Intervensi Firli ini juga dengan mencari berbagai ahli, seperti Professor Romli Atma Sasmita, untuk dirayu memberikan pandangan hukum bahwa Anies bisa jadi tersangka – dalam berita ini Romli menolak. Alhasil kita melihat rangkaian co-existensi pernyataan SBY dan Andi Arief dengan berita Tempo hari ini, memang ada kecenderungan penggunaan kekuasaan dalam merusak demokrasi saat ini.
Mengapa Anies harus dipenjarakan?
Memenjarakan Anies adalah salah satu atau satu-satunya jalan untuk menjegal Anies mengikuti pilpres 2024. Cara yang lainnya adalah mempertahankan PT (Presidential Threshold) yang tinggi (20%), menghalangi terbentuknya koalisi partai-partai yang bisa mengusung Anies dan menghancurkan potensi logistik (pengusung) Anies. Namun, cara ini kelihatannya tidak akan sukses. Sebab, koalisi pendukung Anies, yang dimotori Surya Paloh, semakin kemari semakin solid.
Ada tiga hal penting memotivasi penjegalan Anies. Pertama, survei-survei pilpres tentang Anies. Kedua, pandangan geostrategis Anies. Ketiga, trauma kekalahan Ahok 2017.
Soal survei-survei kita harus membagi survei yang tergolong kredibel dan propagandis. Dari semua survei dengan jenis manapun, Anies masuk dalam 3 besar. Artinya, sulit menyingkirkan Anies dari survei. Nah, selanjutnya adalah survei kredibel. Kredibel bukan dalam pengertian Reasearsch (Validitas dan Reliabilitas), tapi lembaga surveinya. Yang ingin saya bahas adalah CSIS (Center for Strategic and International Studies) terbaru. Lembaga ini didirikan oleh Order Baru, dengan tujuan pembangunan, free market capitalism, dan penghilangan politik ideologis. Terutama penihilan Islam politik. (Anomali terjadi ketika pimpinan CSIS, Dr. Rizal Sukma, menduduki jabatan pimpinan di Ormas Muhammadiyah, beberapa tahun lalu). Pada saat pertemuan tokoh-tokoh oposisi nasional, di Blok M (20/9), yang diselenggarakan Perhimpunan Menemukan Kembali Indonesia (PMKI), Rizal Dharma Putra, pimpinan Lesperssi, lembaga “Think-Tank Pertahanan” (lembaga ini diundang terbatas bertemu dengan Jenderal Mark Milley, The United States Joint Chiefs of Staff, pada kunjungan ke Jakarta Juli lalu) memetakan CSIS saat ini pro-Tiongkok. Perjalanan panjang CSIS, terlepas dari misinya, lembaga ini adalah lembaga think-tank tertua dan terbesar. Sehingga, kepentingan lembaga ini untuk mempertahankan kredibilitas cukup tinggi.
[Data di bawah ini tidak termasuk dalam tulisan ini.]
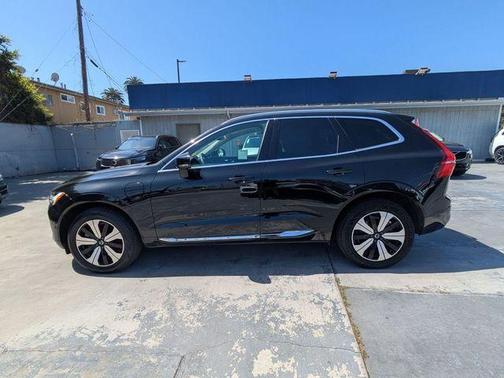 2023 Volvo XC60 Recharge Plug-In Hybrid T8 Plus Bright Theme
Nah, CSIS mengeluarkan survei terbaru yang mengagetkan. Jika terjadi head to head antara Anies, Ganjar maupun Anies-Prabowo, Anies menang. Anies vs Ganjar 47,8 % vs. 43.9 % (7, 6 % belum tahu), Anies vs. Prabowo 48, 6 % vs. 42,8% dan Ganjar vs. Prabowo, 47,25 % vs 45%.
Kenapa kaget? Dari sisi metodologi, konsep survei dengan metode “general to focus” mulai 14 capres, pengecilan ke 7 capres, lalu ke 3 capres dan diakhiri ke head to head adalah metode reiterasi dan penegasan, di mana responden berjenjang tanpa keraguan memilih calonnya. Hasil ini sulit diragukan, karena konsistensi responden dapat menunjukkan reliabilitas alat survei tersebut.
Survei CSIS ini mengambil responden milenial dan generasi Z (umur 18-39 tahun). Jumlahnya diperkirakan 60% pemilih kita saat ini. Meskipun kita tidak bisa menarik ekstrapolasi dan membangun kesimpulan untuk seluruh populasi, namun suara milenial dan suara generasi Z ini adalah suara masa depan Bangsa Indonesia. Ini merupakan bukti pembusukan terhadap Anies selama ini, baik dengan isu hukum, identitas Arab/non Jawa, gagal membangun Jakarta, tidak mampu menghancurkan Anies.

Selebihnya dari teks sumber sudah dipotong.